Palavradan anlatım tekniği çıkarmak
“Altın Kaplan’da” (U zlateko tygra) buluyor aradığını Hrabal; yeni bir kelime değil bu ama yeni bir teknik. Prag’da müdavimi olduğu, bazen geceyarılarına kadar bira üstüne bira içerek, gelip giden herkesin dertlerini, dedikodularını, şevkle paylaştıkları anekdotlarla, kendi aralarındaki fiskoslarını dinlediği “pub”ın adı “Altın Kaplan’da.” İyi bir “pub” adamı Hrabal; samimi bir merak duyuyor insanların hikâyelerine, hakikaten dinliyor onları. Ve zamanla, dinlediklerinden kalanların “pub”ın dumanlı havasında birbirine karışarak yükseldiğini, bir bulut gibi yoğunlaşıp en tepede öylece asılı durduğunu anlamaya başlıyor; çok parçalı bir bütün, birbirine geçmiş cümlelerden müteşekkil dur-durak bilmeyen bir anlatım çıkıyor ortaya.
Hrabal “pabéní ” adını veriyor bu anlatıma; bir tür “boş söz, palavra” yani, buna “pub sohbeti” de diyebiliriz. İkinci kitabı Pabitele’yi (“Palavracılar” ya da “pub ahalisi”) “pabéní” ustaları hakkında yazarken, ileride romancılığını tanımlayacak üslûbu da bulduğunu biliyor; akarak ilerleyen, bazen hiç nokta koymaksızın, tek bir cümlenin içinde bütün bir kitabı kurgulayabilen bir anlatım bu. Farklı farklı insanların farklı farklı hikâyeleri, şakaları, sırları ve ballandırarak anlattıkça kendilerinin kıldıkları söylentileri bir kolajın içinde erimeye başlıyor Hrabal’ın romanlarında; Joyce’un, Woolf’un “bilinç akışı” tekniği, bireysel monologlarla sınırlı tekil tezahüründen kurtulup, toplu bir hezeyana dönüşüyor adeta. “Kabarcıklanan Tecrübenin Akışı” diyor buna bir yerde Hrabal; çağrışımların sınır tanımayan geçişliliği, bir gazozun patlayıp sönen muzipliğiyle birleştikçe bir uçuculuk hissi, bir hafiflik geliyor anlatıma.
Ama etki “hafif” kalmıyor; “palavra” dediğimiz şey, hiçbir zaman palavradan ibaret değil zira. Pabéní, Hrabal’ın eserinin en güçlü nesnesini, yani insanı anlatıyor.
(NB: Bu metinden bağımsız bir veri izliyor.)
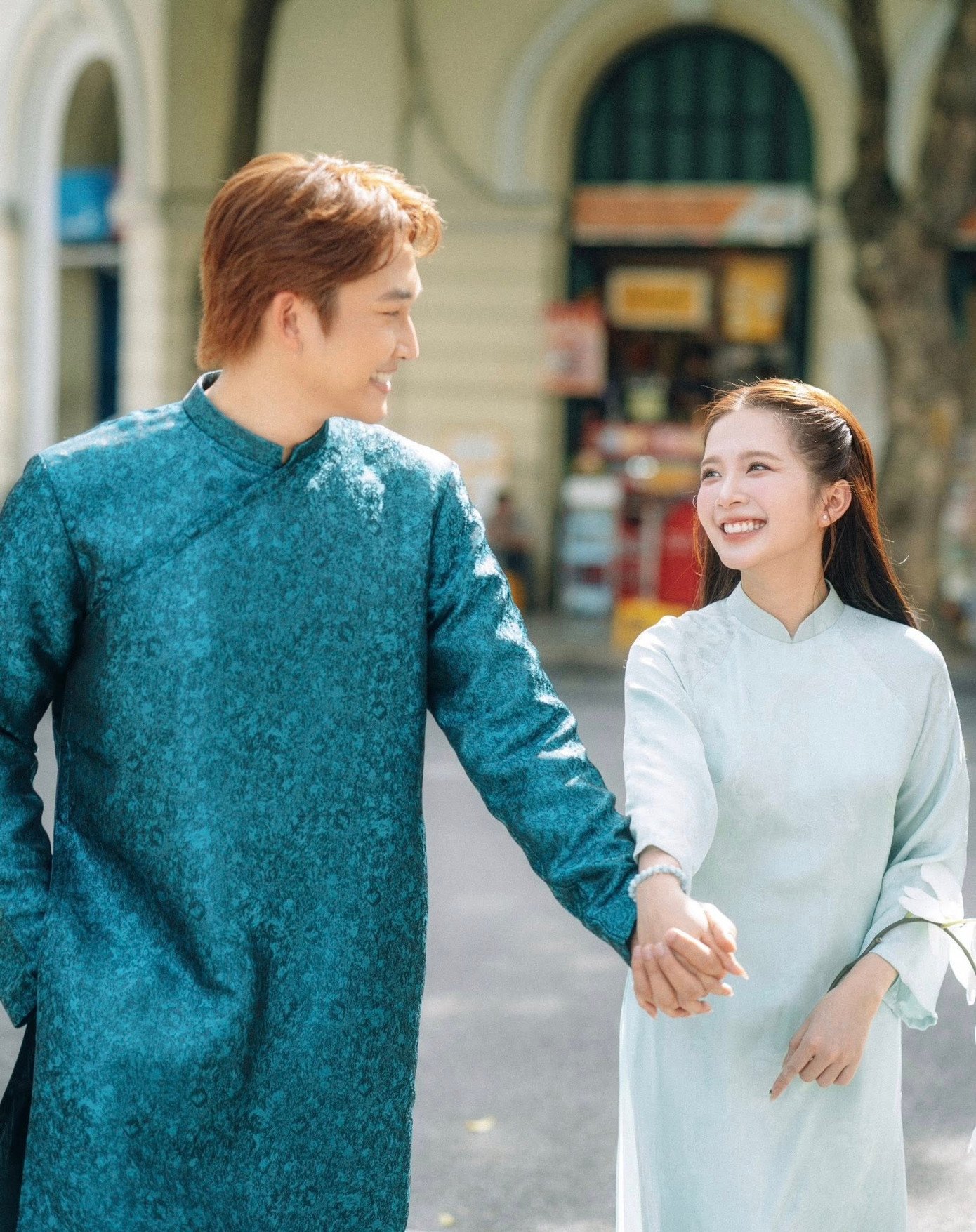 Đình Tú và Ngọc Huyền chuẩn bị làm đám cưới.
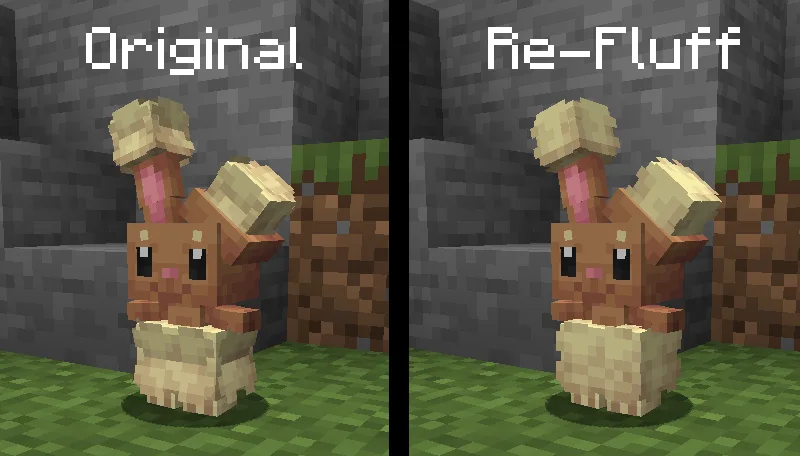 Изображение 2 ресурспака Cobblemon Re-Fluff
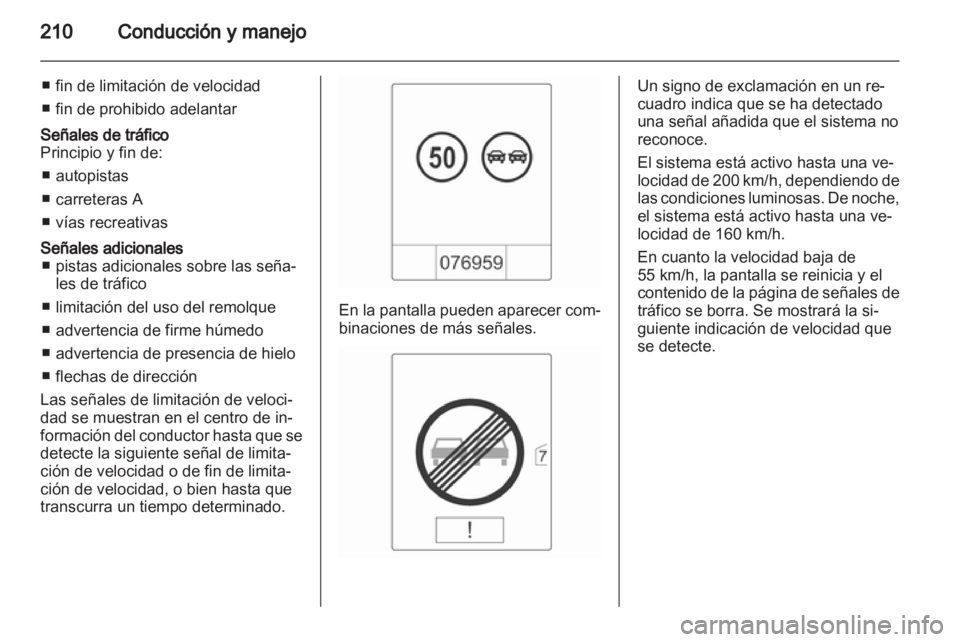 OPEL ZAFIRA TOURER 2013  Manual de Instrucciones (in Spanish) 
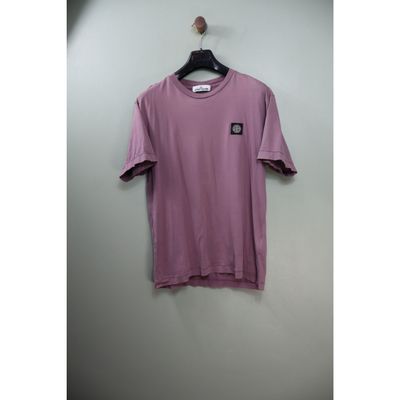 Stone Island Purple T-Shirt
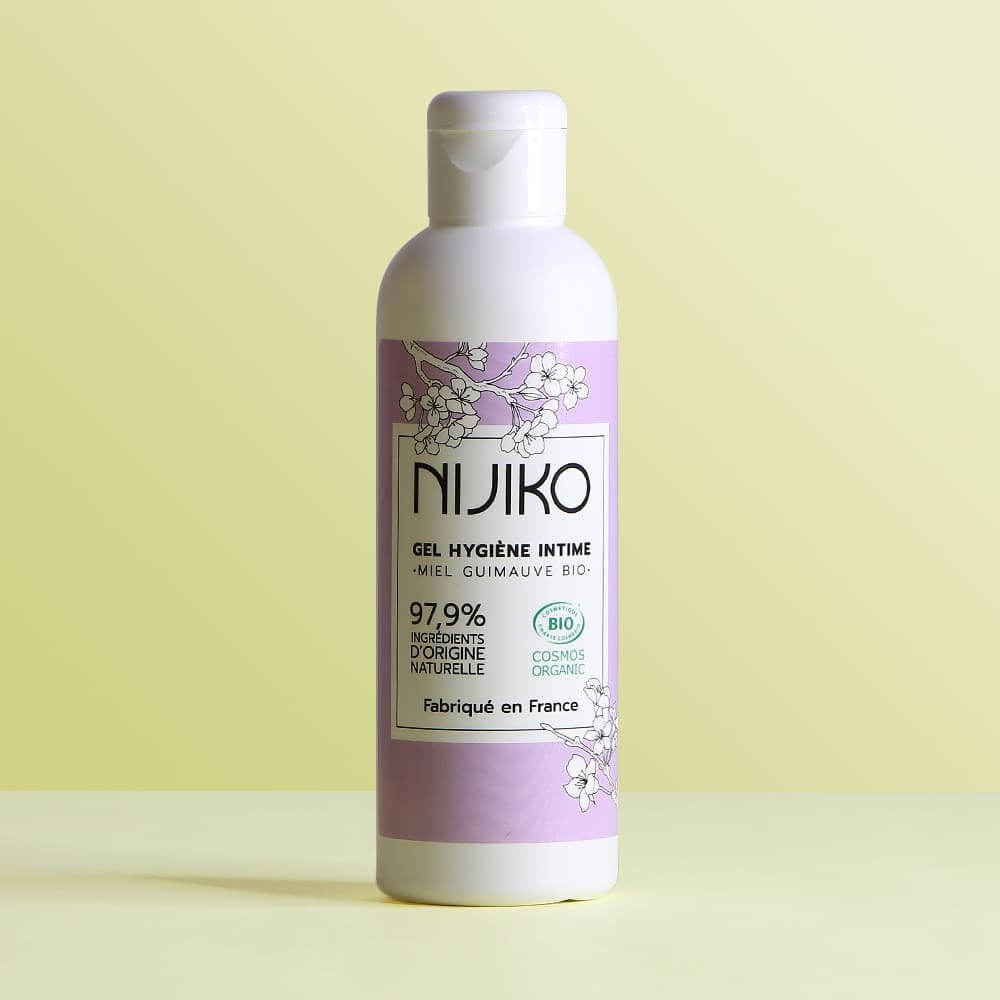 Organic Intimate Hygiene Gel - Honey Marshmallow | NIJIKO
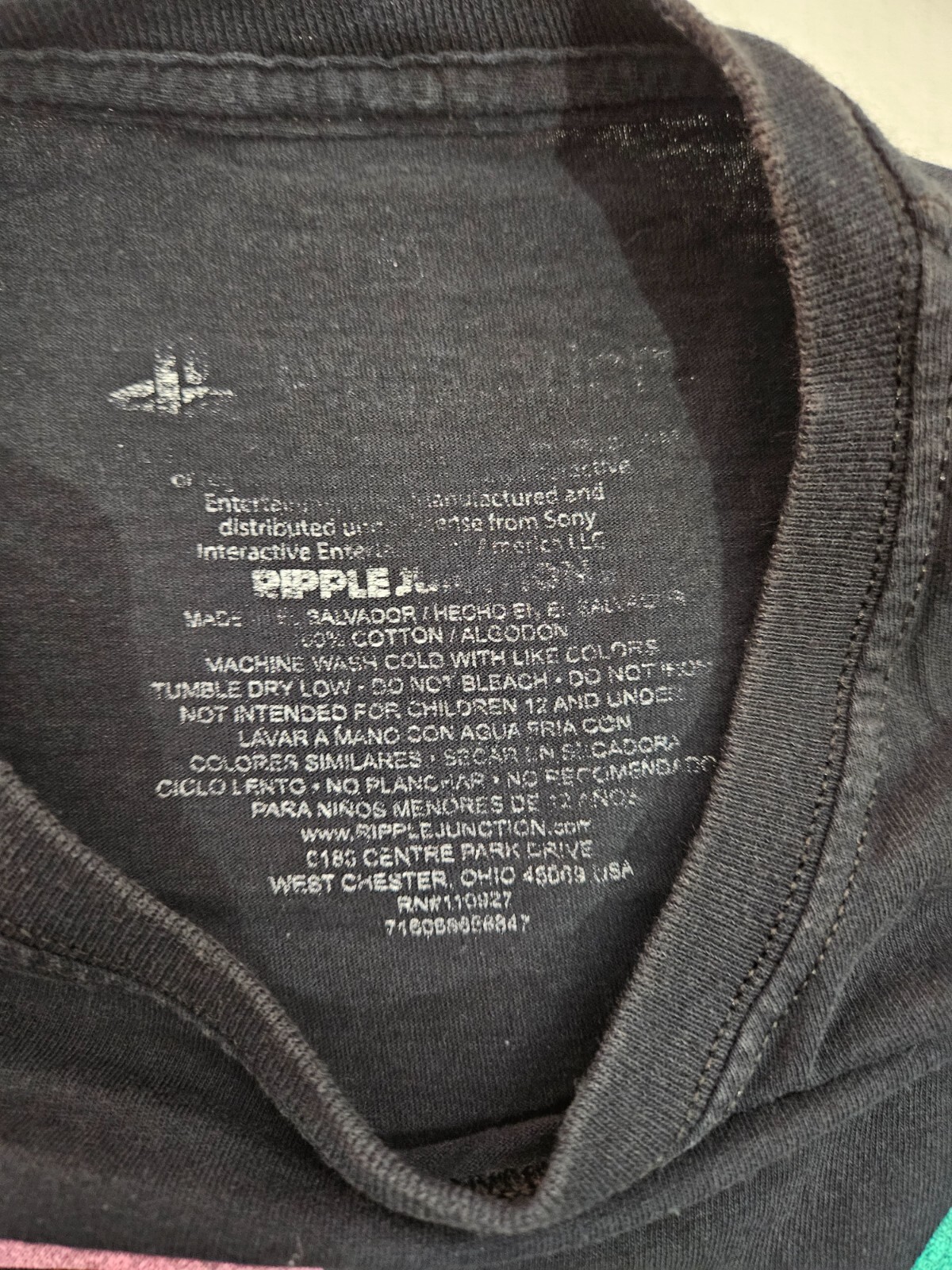 Playstation Controller Button Logo Men's Unisex T… - image 3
Sıradan insanın sıradan maceralarında, “insanî olan”ın, gücünü basitliğinden alan bir portresini çiziyor Hrabal.
“Kocam çocuk doğurmayı unutturdu”
Eliska, üç roman boyunca sadece “kocam” diye bahsediyor Hrabal’dan. Yazarın tercihi bu: Kendisini karısı üzerinden tarif ediyor, onu “bir yazar” olduğu kadar, “bir koca” olarak da görmemizi istiyor ki, yeterince eksilebilsin. Vita Nuova’da, “Herkes benim kocamın mutlu bir adam olduğunu sanırdı” diyor Eliska, “Böyle bir kocam olduğu için bütün kadınların beni kıskanması gerektiğini söylerlerdi. Kocamla hayat çok eğlenceli olmalıydı.” Sonra ekliyor tabii: “Hiç de öyle değildi… Kocamla hayat, onların sandığından çok farklı bir şeydi.” Ve Proluky’nin sonunda, Hrabal’la birlikte uzun yıllar birlikte yaşadıkları eski apartman dairesini boşaltırlarken, etrafa son bir kez daha göz gezdiriyor:
“Orada, çoktan kaybolduğunu, geçmişe gömüldüğünü düşündüğüm resimlerle gözlerim kamaşmış bir halde durdum. Günışığında çırılçıplak olan küçük avluda, bu avluya ilk ayak attığım, tavanarasının penceresinden yerleri silen o adamı, sonradan kocam olacak olan adamı ilk gördüğüm ânı; onunla tanışmadan önceki halimi, intihar etmek isteyen bir kadın olarak kendimi; kocamla olmaya başladıktan sonra artık bu düşüncelere meylimin de, zamanımın da kalmamasını; çünkü kocamın yıllarca beni ne kadar meşgul ettiğini, ne çok düşkırıklığına uğratıp ne çok öfkelendirdiğini; sonunda kendime ilişkin her şeyi, bir çocuk doğurmayı bile unuttuğumu; kocamın bana ziyadesiyle yettiğini düşündüm. Omuzlarımı silktim. Ne yapacaksın? Elbisemin kollarını, boyası dökülen duvarlara son bir kez sürtmek pahasına, gözlerimde yaşlarla merdivenden aşağı koştum.”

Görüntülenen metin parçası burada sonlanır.